[extropy-chat] The Cassini Division

Damien Broderick thespike at satx.rr.com
Thu Mar 31 19:38:05 UTC 2005


At 07:04 PM 3/31/2005 +0100, Dirk Bruere wrote:

>>I didn't see the original posted context of this MacLeod quote, but lest 
>>anyone get the wrong impression I'll point out that this view, attributed 
>>to insane post human super intelligences...
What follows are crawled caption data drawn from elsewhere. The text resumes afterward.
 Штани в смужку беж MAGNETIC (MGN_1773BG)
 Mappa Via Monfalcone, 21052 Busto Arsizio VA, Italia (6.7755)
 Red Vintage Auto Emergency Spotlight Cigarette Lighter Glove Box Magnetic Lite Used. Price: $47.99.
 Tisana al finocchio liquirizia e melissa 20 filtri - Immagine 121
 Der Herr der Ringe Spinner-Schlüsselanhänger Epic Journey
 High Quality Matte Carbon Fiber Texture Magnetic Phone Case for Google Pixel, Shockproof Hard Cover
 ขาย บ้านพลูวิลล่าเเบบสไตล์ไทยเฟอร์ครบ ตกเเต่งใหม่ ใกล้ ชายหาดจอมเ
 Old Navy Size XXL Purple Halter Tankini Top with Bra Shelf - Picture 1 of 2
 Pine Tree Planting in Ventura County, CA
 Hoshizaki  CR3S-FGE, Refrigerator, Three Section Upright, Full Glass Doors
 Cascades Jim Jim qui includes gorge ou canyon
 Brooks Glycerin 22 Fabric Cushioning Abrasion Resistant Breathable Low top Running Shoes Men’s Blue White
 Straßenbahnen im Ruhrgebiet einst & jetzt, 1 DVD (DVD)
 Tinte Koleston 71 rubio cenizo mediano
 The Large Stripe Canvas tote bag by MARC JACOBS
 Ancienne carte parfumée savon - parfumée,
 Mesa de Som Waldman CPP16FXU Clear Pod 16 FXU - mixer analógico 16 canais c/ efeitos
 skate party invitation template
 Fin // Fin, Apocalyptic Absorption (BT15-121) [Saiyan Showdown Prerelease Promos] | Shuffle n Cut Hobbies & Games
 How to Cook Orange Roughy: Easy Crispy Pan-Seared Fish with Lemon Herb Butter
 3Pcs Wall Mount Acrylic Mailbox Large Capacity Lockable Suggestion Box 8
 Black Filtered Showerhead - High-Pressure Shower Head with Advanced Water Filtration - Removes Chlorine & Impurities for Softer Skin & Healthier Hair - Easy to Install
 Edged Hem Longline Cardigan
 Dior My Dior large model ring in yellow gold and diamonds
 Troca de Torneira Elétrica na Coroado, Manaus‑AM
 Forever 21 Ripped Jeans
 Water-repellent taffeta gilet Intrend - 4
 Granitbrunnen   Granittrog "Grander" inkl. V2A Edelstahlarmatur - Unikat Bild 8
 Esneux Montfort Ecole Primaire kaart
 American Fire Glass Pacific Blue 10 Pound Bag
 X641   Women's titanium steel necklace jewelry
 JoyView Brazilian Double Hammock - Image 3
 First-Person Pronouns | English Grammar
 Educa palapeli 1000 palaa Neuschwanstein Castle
>Actually, it is the philosophy of the Socialist heroes who do the ass kicking.
>Called the 'True Knowledge'.

Oops, my bad. I hadn't read the book for six or seven years, and got 
tangled up in MacLeod's many levels of irony. Just to clarify, here's a 
passage that precedes the mad rant Dirk cited, and one that follows it:

<a group of Japanese and Korean `contract employees'... had acquired their 
modern enlightenment from battered, ancient editions of Stirner, Nietzsche, 
Marx, Engels, Dietzgen, Darwin, and Spencer, which made up the entire 
philosophical content of their labour-camp library. (20th century 
philosophy and science had been excluded by their employers as decadent or 
subversive...) With staggering diligence, they had taken these works -- 
which they ironically treated as the last word in modern thought -- and 
synthesised from them, and from their own bitter experiences, the first 
socialist philosophy based on totally pessimistic and cynical conclusions 
about human nature...

<This is the true knowledge.

<On this rock we had built our church. We had founded our idealism on the 
most nihilistic implications of science, our socialism on crass 
self-interest, our peace on our capacity for mutual destruction, and our 
liberty on determinism. We had replaced morality with convention, bravery 
with safety, frugality with plenty, philosophy with science, stoicism with 
anaesthetics and piety with immortality. The universal acid of the true 
knowledge had burned away a world of words, and exposed the universe of things.

<Things we could use.> [pp. 89-90]

Not quite a ringing endorsement.

Interestingly, that paragraph is followed by: "It's the Rapture for nerds!"